By Craig Morrow & Will Steuber, MEI

We all know by now that tablet devices are the perfect medium for new companies to create rich, engaging content and they are helping traditional companies revitalize legacy brands in the same manner.  In the recent years, we’ve seen some pretty significant growth trumpeted by a diverse and well-known group of companies, which simply emphasizes the potential this medium has.  But it’s not just all about magazines.  When Adobe launched Digital Publishing Suite, it was a product/platform that everyone assumed was developed for the magazine world.  Nobody can argue that it’s done a fantastic job supporting that vertical but it has so much more potential not only within it, but well beyond.  Let’s talk about some of the other ways this device and the tools used to develop the content can help create or enhance revenue streams.

1. Sales and Marketing – Using tablet apps to deliver customized product information is something that is gaining a tremendous amount of traction in a short period of time.  We’re seeing many companies begin to explore and execute the creation of more meaningful, cost-effective and engaging product/service presentations for sales and marketing staff across various industries.

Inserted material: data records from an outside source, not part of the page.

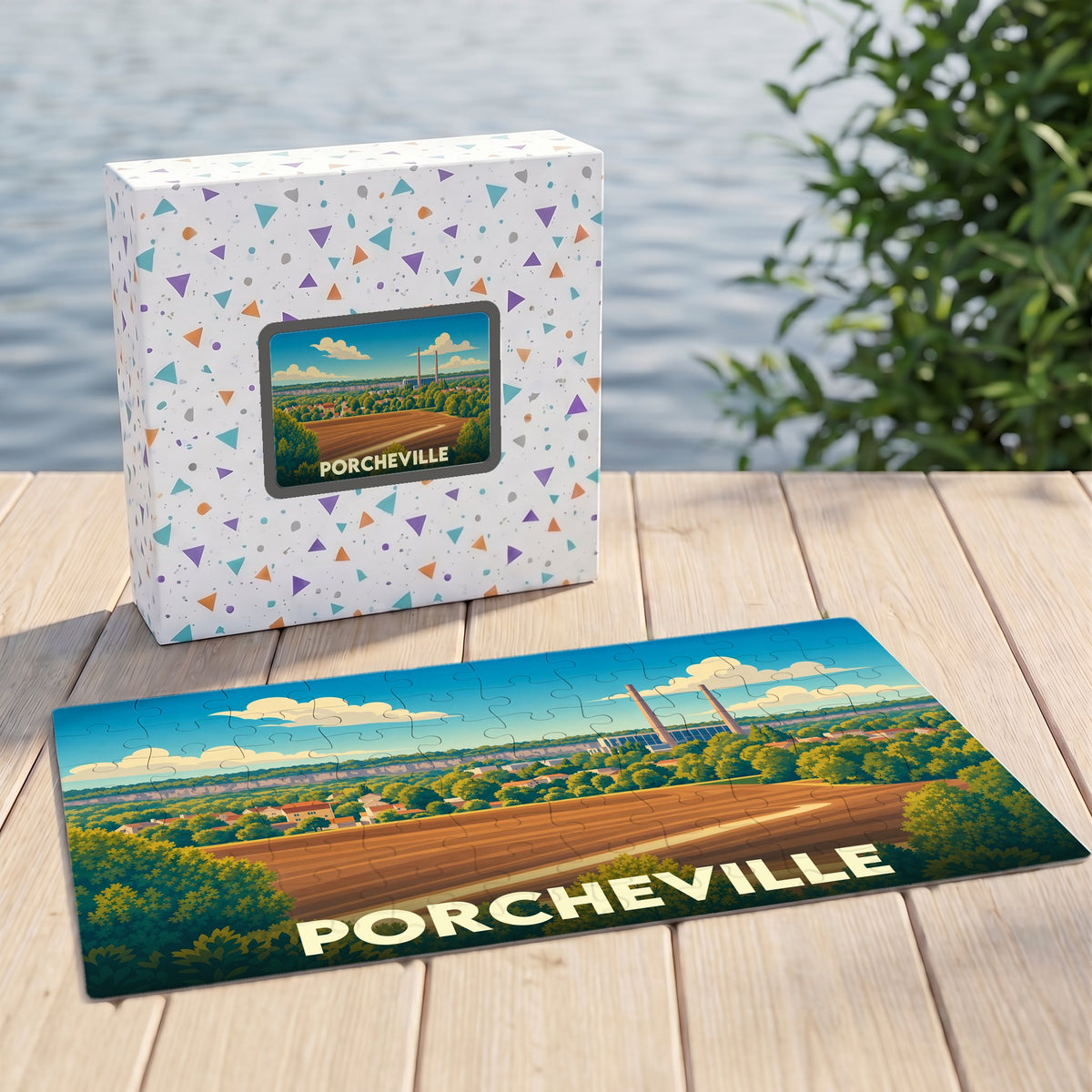 Puzzle souvenir de la ville de Porcheville illustrant un paysage champêtre avec ses cheminées emblématiques.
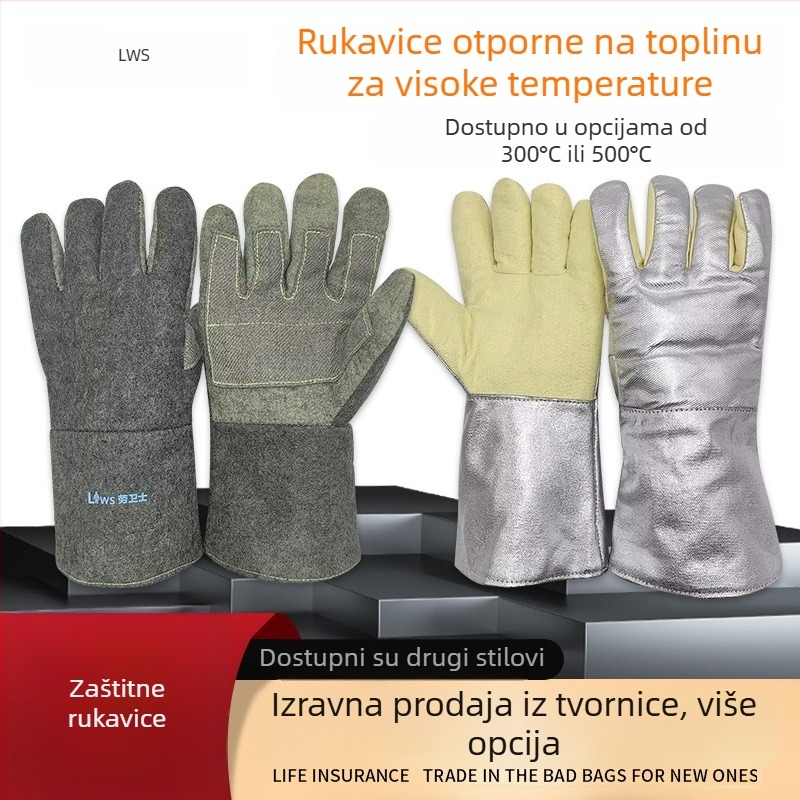 Rukavice otporne na visoke temperature s izolacijom 1000°C/500°C, otporne na požar, otporne na habanje, pet prstiju, debele protiv opeklina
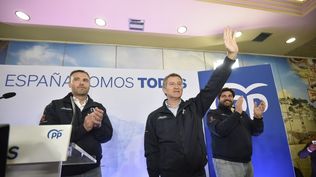 El presidente del PP de la Región de Murcia, Fernando López Miras, juntocal presidente nacional de su partido, Albert Nuñez Feijóo, en Caravaca de la Cruz.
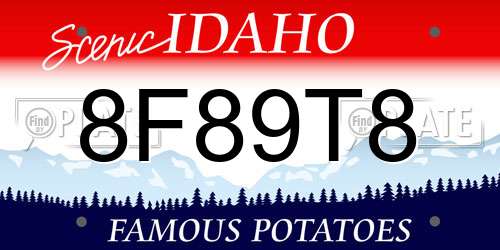 8F89T8 Idaho License Plate
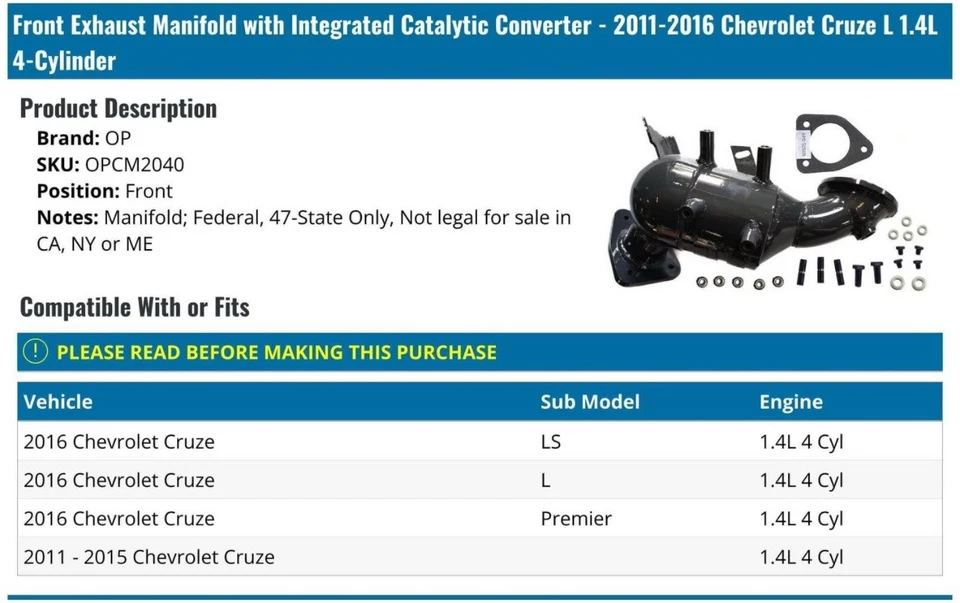 Convertidor catalítico delantero - Chevrolet Cruze 2011-2016, 1,4 L turbo Foto 2 de 2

2. Custom Storefronts – Using custom storefronts to promote new subscription offers, product launches, promotions and even a dedicated social media channel is an area where we’re seeing extensive growth. Self-contained within the app, the storefront acts like a personalized presentation layer and allows you to promote and sell products while building brand awareness. More importantly, it provides a reason for customers to return, either directly through push notifications or working in concert with your marketing campaigns. Not to mention you can control the look and feel. With the creation of a custom storefront, a company can break free of the default Digital Publishing Suite folio grid view on the home screen and take control of the look, feel and user experience.

3. Advertising – New tablet ownership has a projected growth rate through 2015 that would make any economist (or tablet manufacturer) grin.  This growth will begin to provide the type of momentum needed to get more advertisers to partner with digital content providers.  Layer on top of that the new trends in the e-commerce space and you’re left with a new game-changing platform. We have all read the research that shows the majority of magazine readers want to purchase directly from articles and/or directly from the ads. That’s now a viable and proven alternative.

Simply put, these devices, when married to the right creative toolsets, can not only create rich, engaging experiences for readers but have the potential to revolutionize how your organizations are conducting business,  internally and externally.  Reducing your reliance on physical material and shipping to market and promoting your products makes for a very easy ROI model capable of yielding significant results in a short period of time.  Using built-in analytics to showcase real numbers on readership lift, demographics and subscriptions is another very compelling case that most advertisers would love to see… right before they pay you more money to place their ads, of course.  Finally, using custom storefronts, a feature inherent in the Enterprise version of Digital Publishing Suite, is just now beginning to show its real power and versatility in creating a more personalized experience between you and your audience, providing them with an intelligent, engaging destination to consume your content the way they want to.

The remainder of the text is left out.